Posts Tagged ‘Harlem mansions’

Urban Harlem surrounds a 19th century mansion

April 15, 2019

When the Watt-Pinkney mansion was built on a small hill in early 19th century Harlem, this white beauty with the mansard roof and two-story columns was part of a vast colonial-era farm owned by John De Lancey.

This was the countryside, of course. The city of New York barely extended past Houston Street at the time.

The farm grew corn and potatoes, and the little hill sloped down to a pasture, which bordered the salt marshes of the Harlem River.

Changes came as the 19th century went on. The house was moved to the bottom of the hill so the city could lay out Seventh Avenue and 139th Street.

Elevated trains were extended to Harlem, bringing new residents, commerce, and industry. Parts of the “ancient manor,” as it was called by one newspaper, were carved up and sold off.

The salt marshes were filled in. By the early 1900s, apartment buildings began encircling the estate, between Seventh and Eighth Avenues and 139th and 140th Streets.

This was no abandoned mansion, though. The sole remaining occupant of the house was Mary Goodwin Pinkney, who was in her 90s.

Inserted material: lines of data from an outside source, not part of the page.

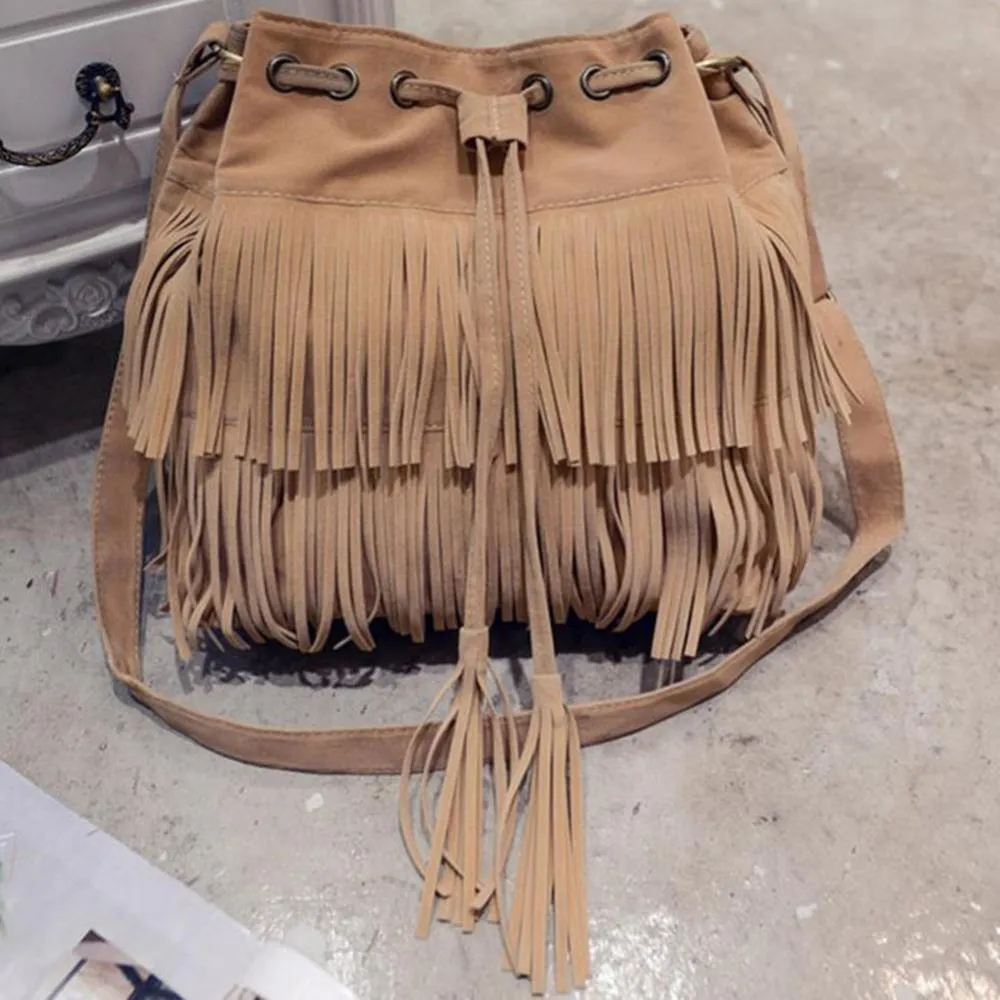 Funki Buys | Bags | Handbags | Women's Fringe Bucket Bag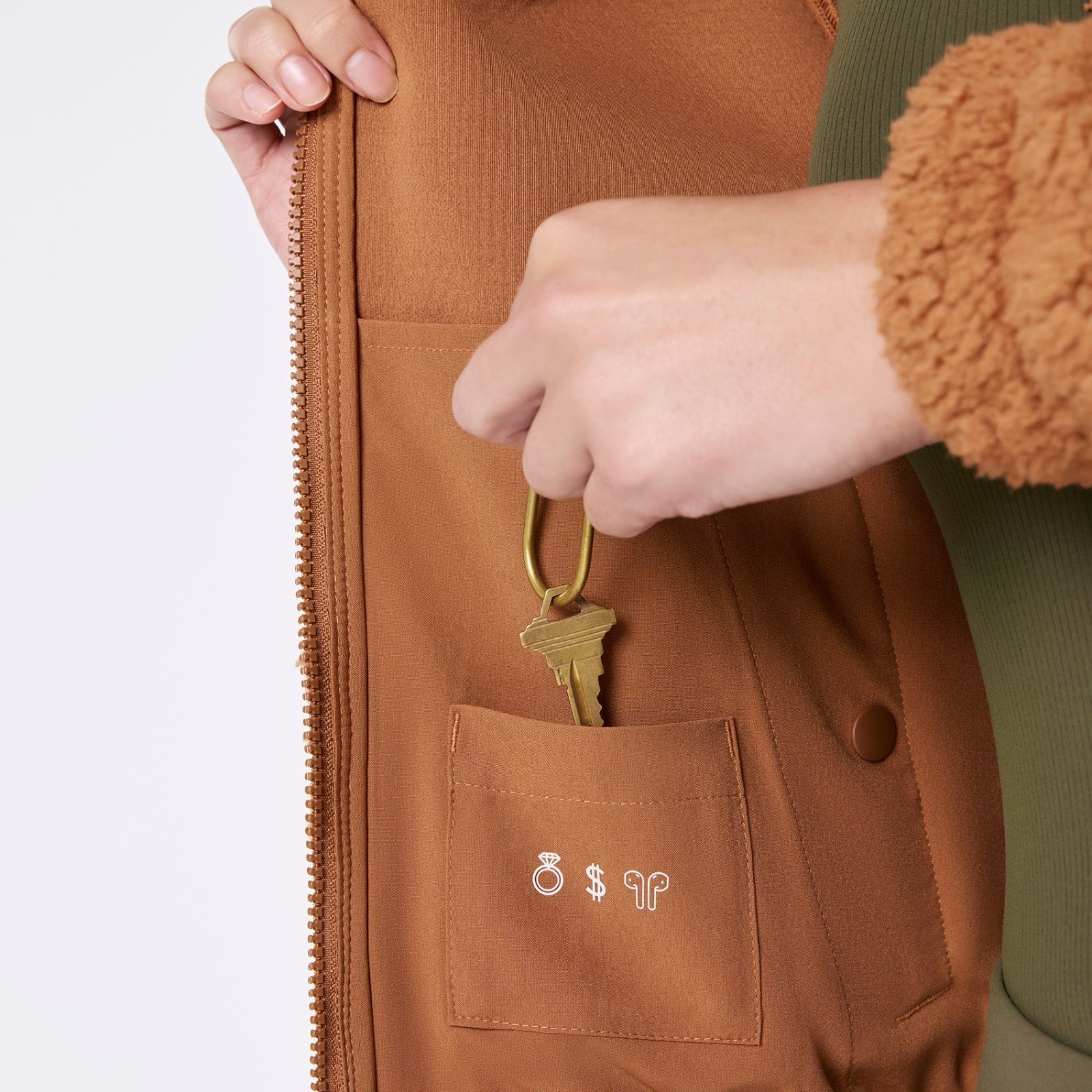 Figs On-Shift High Pile Fleece Bomber Jacket in Mocha, Size XXS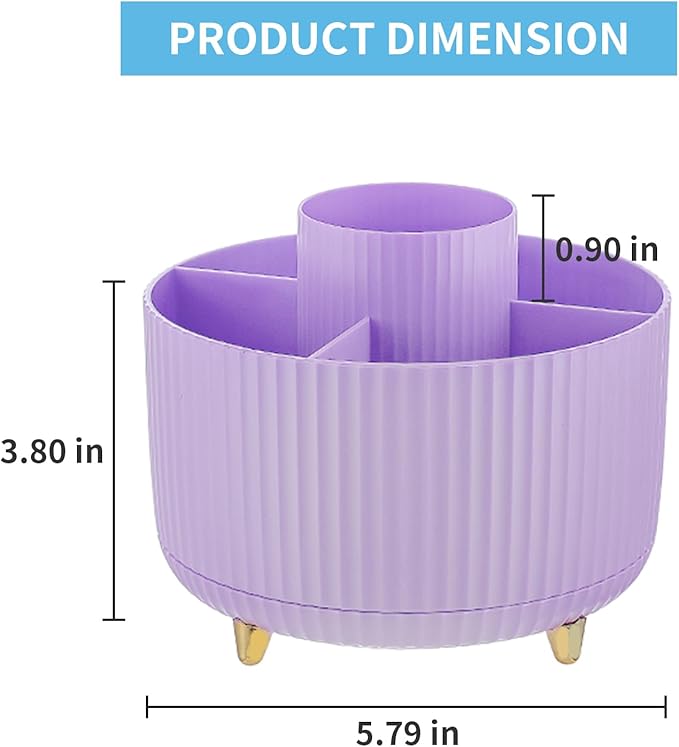 Marbrasse Desk Organizer, 360-Degree Rotating Pen Holder for Desk, Desk Organizers and Accessories with 5 Compartments Pencil Organizer, Art Supply Storage Box Caddy for Office, Home（Purple）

Pinkney was the stepdaughter of Archibald Watt, a Scottish immigrant who came to New York in the 1820s. He married Pinkney’s widowed mother, whose deceased husband came from a wealthy Maryland family.

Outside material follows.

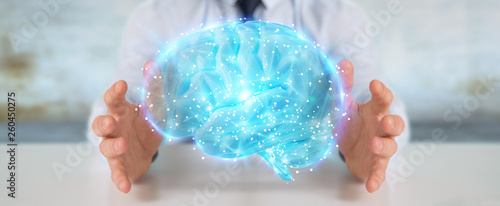 Businessman using digital 3D projection of a human brain 3D rendering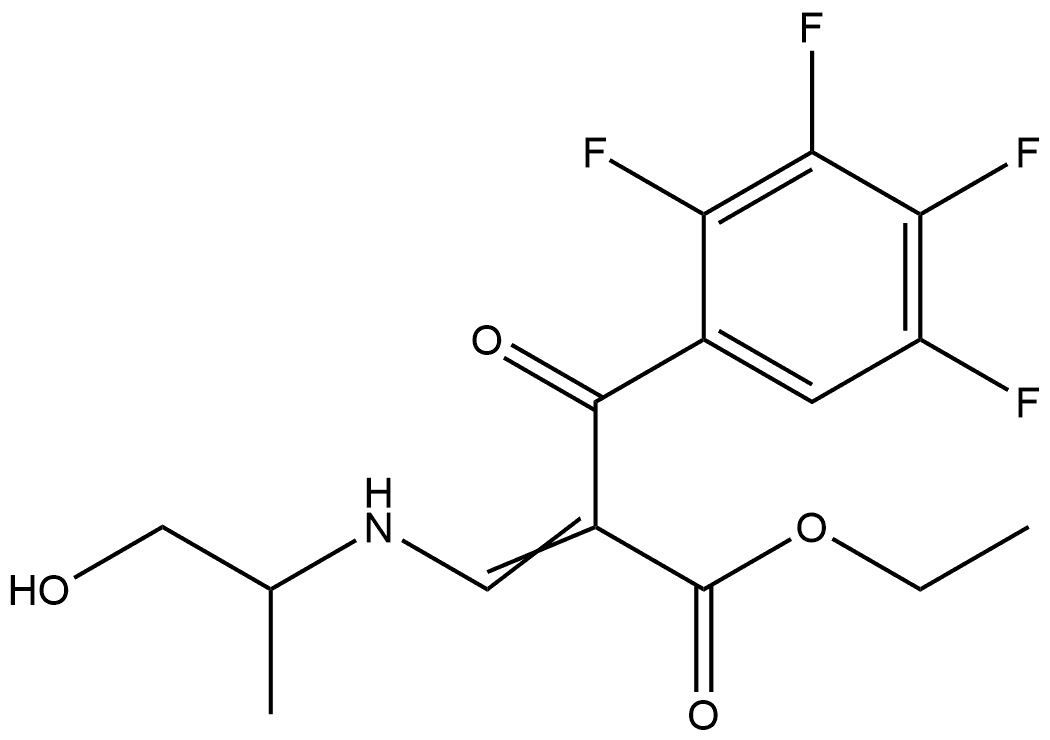 Ethyl 3-[(1-hydroxyprop-2-yl)amino]-2-(2,3,4,5-tetrafluorobenzoyl)acrylate Structure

Watt believed that one day, the entire city would span the island of Manhattan. So he bought as much property as he could, including the De Lancey farm and its mansion.

When the Panic of 1837 hit, the ambitious Watt ran into financial trouble.

To help, Pinkney loaned him money from her inheritance, and in turn, “Watt taught her how to manage the estate,” the Times wrote in a 1908, “and at his death left her the whole of it, on condition that she would share it liberally with the other heirs.”

Watt died in 1843; Pinkey’s mother died in 1883. They and other Watts were buried in the family plot near the house.

Pinkney herself never married. By 1900, she was the only immediate family member left.

“In the old ‘White House’ she has spent her summers for half a century, growing vegetables for her own table on land so valuable that the price of a head of lettuce would probably amount to $5 or more if the interest on the investment were figured out,” wrote the New York Times in 1907.

When Pinkney died in 1908 in her late 90s, her death made headlines.

“For a number of years, Miss Pinkney was well known in the real estate business, having managed the large estate of her stepfather, Archibald Watt, after his death, and she became a noted figure in New York’s real estate development by her shrewd financing of her vast holdings.”

Within a few years, the heirs she was asked to share her fortune with put the property up for sale. The remains of family members buried in the Watt burial ground were dug up and reinterred in Woodlawn Cemetery, where Pinkney was laid to rest as well.

The estate sold fast to developers, and the house itself was gone in the 1920s—one of the last remnants of the remote village of Harlem before it was subsumed by New York City.

[Top photo: MCNY, 1910, x2010.11.6379; second image: painting of the Watt-Pinkney mansion, undated; third photo: MCNY, 1900, x2010.11.6380; fourth photo: MCNY, 1910, x2010.11.6359; fifth photo: MCNY, 1910, x2010.11.6358; sixth photo: MCNY, 1910, x2010.11.6383; seventh image: Los Angeles Times, 1908; sixth photo: MCNY, 1910, x2010.11.6361; eighth photo: MCNY, 1910, x2010.11.6377]

The last of Harlem’s free-standing mansions

February 24, 2011

The Harlem enclave known as Sugar Hill was named for the wealthy African-Americans who moved into the fine row houses there during the 1920s.

But the area began attracting big money makers decades earlier, in the 1880s. All that’s left of these Gilded Age pioneers are a handful of gorgeous, free-standing mansions.

Like the James Bailey House on St. Nicholas Place at 150th Street (at right). Call it the house the circus built: it’s the castle-like residence of James Bailey, of Barnum & Bailey Circus fame.

Bailey had the 12,000-foot Romanesque Revival beauty (left, in a 1930s NYPL photo) built in 1888.

Harlem Hybrid has amazing photos of the interior here.

Recently sold (since 1951, it had been a funeral home, fittingly) and currently hidden by scaffolding, the granite house changed hands for a mere $1.4 million.

More obscure is the Nicholas and Agnes Benziger House around the corner on Edgecomb Avenue.

Constructed in 1890 by a rich publisher, it’s crowned by a clay tile roof and gabled dormers.

Who lives there now? According to this site, it serves as housing for homeless adults. But on a recent visit, no signs of life could be detected.

Both homes are landmarked, reminders of uptown Manhattan’s rich, elite past.